• Dataset content:

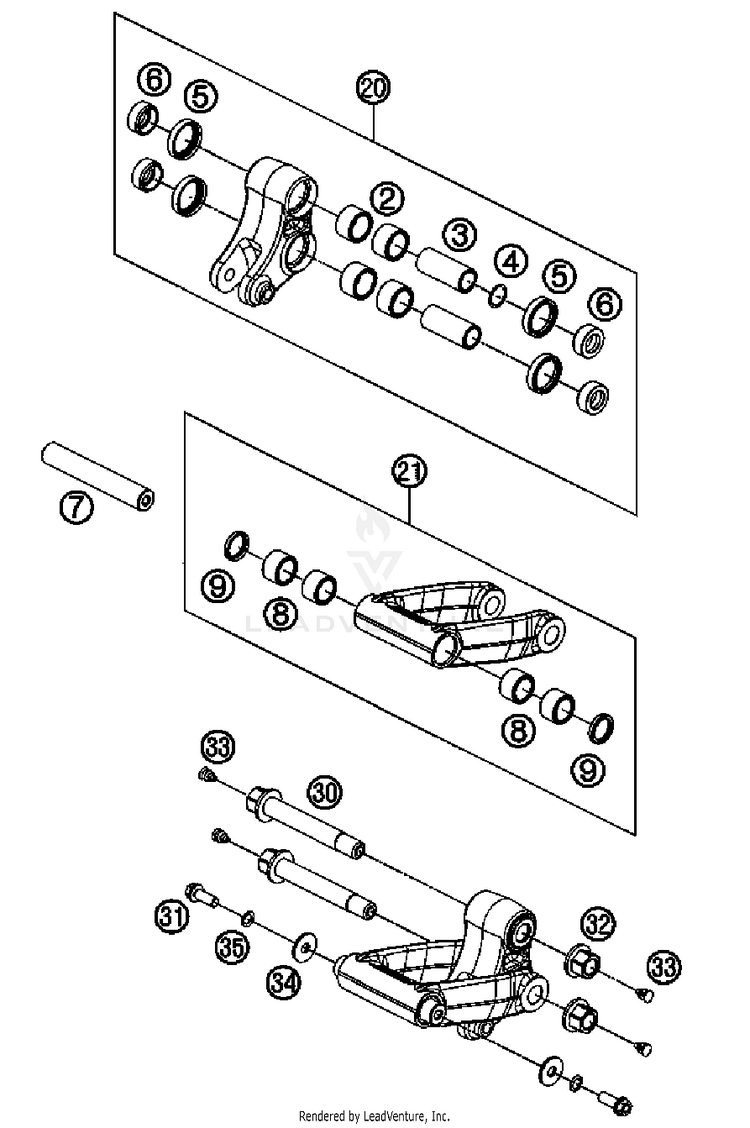 Pro Lever Linking 690 Enduro Chassis - 2011 Schematic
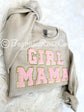 GIRL MAMA BOY MAMA sweatshirt - model wearing white Gildan crewneck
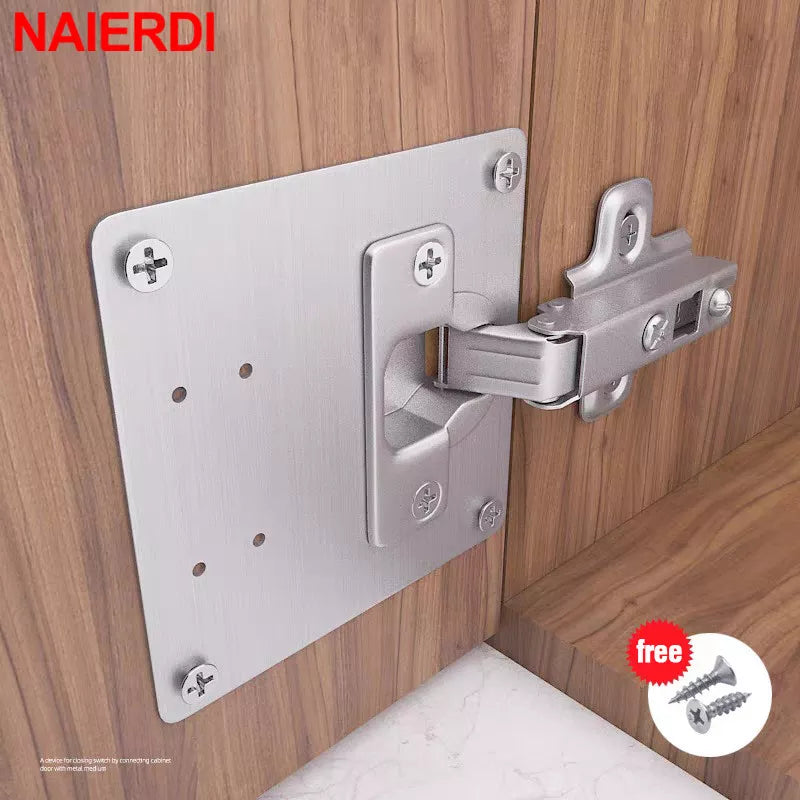 NAIERDI Stainless Steel Furniture Cabinet Door Hinge Repair Plate Drawer Window Door Door Panel Connection Repair Plate Hardware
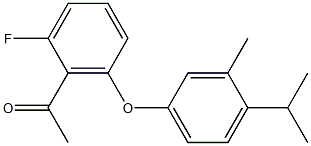 1-{2-fluoro-6-[3-methyl-4-(propan-2-yl)phenoxy]phenyl}ethan-1-one Struktur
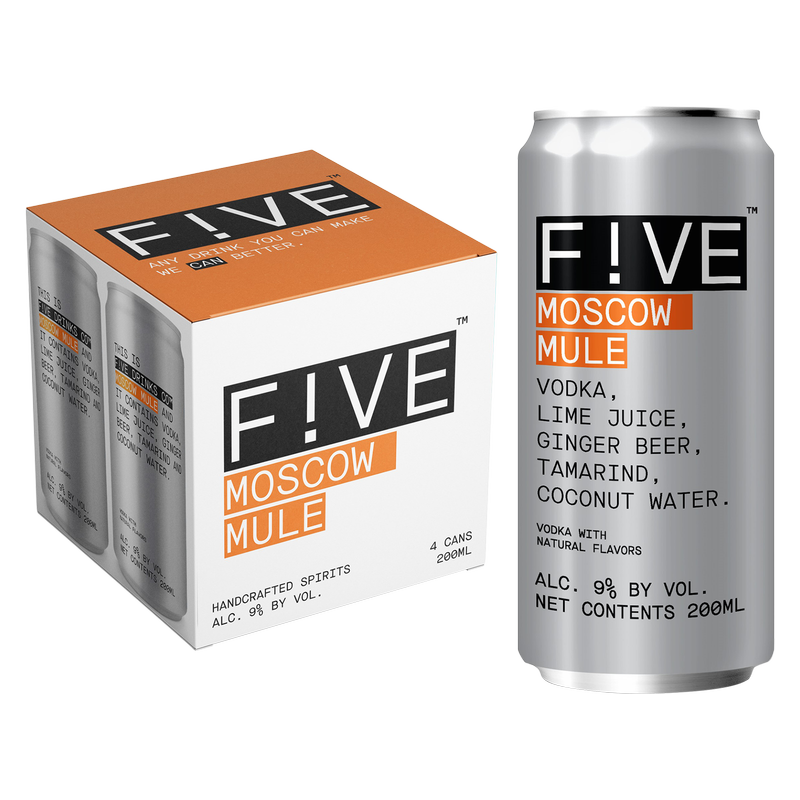 Five Drinks Co Moscow Mule 4pk 200ml Can 9% ABV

• Exercise: In your copy, the listing above should appear word for word, with no images.

• Solution to this exercise:
 Pro Lever Linking 690 Enduro Chassis - 2011 Schematic
 GIRL MAMA BOY MAMA sweatshirt - model wearing white Gildan crewneck
 NAIERDI Stainless Steel Furniture Cabinet Door Hinge Repair Plate Drawer Window Door Door Panel Connection Repair Plate Hardware
 1-{2-fluoro-6-[3-methyl-4-(propan-2-yl)phenoxy]phenyl}ethan-1-one Struktur
 Five Drinks Co Moscow Mule 4pk 200ml Can 9% ABV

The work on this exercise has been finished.